31 July 2028 — second payment on account for 2026/27 (if you have payments on account — see below).
Payments on account — the quirk that catches people out
If your 2026/27 tax bill is over £1,000, HMRC typically asks for two payments on account toward the following year’s tax — half due 31 January 2028 and half due 31 July 2028. Each payment is 50% of the previous year’s liability.
So in January 2028 you may owe:
- Balancing payment for 2026/27 (the actual bill)
- First payment on account for 2027/28 (half the 2026/27 bill)
This effectively bunches 1.5 years of tax into one January. Plan cash flow accordingly. You can reduce payments on account if you know 2027/28 will be lower, but overestimate and you’ll pay interest on the shortfall.
Penalties if you miss deadlines
Late filing (after 31 January 2028 online):
- 1 day late — £100 automatic penalty (even if no tax owed)
- 3 months late — £10/day for up to 90 days (max £900)
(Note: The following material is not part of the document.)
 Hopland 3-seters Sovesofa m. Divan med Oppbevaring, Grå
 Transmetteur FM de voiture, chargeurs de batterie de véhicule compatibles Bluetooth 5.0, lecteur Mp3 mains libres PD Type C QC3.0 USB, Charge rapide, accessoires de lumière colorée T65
- 6 months late — 5% of tax due or £300, whichever is higher
- 12 months late — another 5% of tax due or £300
Late payment (after 31 January 2028):
- 30 days late — 5% of unpaid tax
- 6 months late — another 5%
- 12 months late — another 5%
- Plus daily interest from the due date at HMRC’s current rate
Penalties stack. Filing late AND paying late creates two separate penalty tracks. HMRC accepts “reasonable excuse” appeals but the bar is high (serious illness, bereavement, HMRC system outage).
How to file
- Register first time: apply on gov.uk/register-for-self-assessment. HMRC posts a Unique Taxpayer Reference (UTR) and an activation code for the online service. Allow 2-3 weeks.
- Gather documents: P60, P45(s), P11D, CIS statements, bank interest certificates, dividend vouchers, rental income/expense records, pension contribution receipts, Gift Aid declarations.
- Log in at gov.uk/log-in-file-self-assessment-tax-return using your Government Gateway credentials.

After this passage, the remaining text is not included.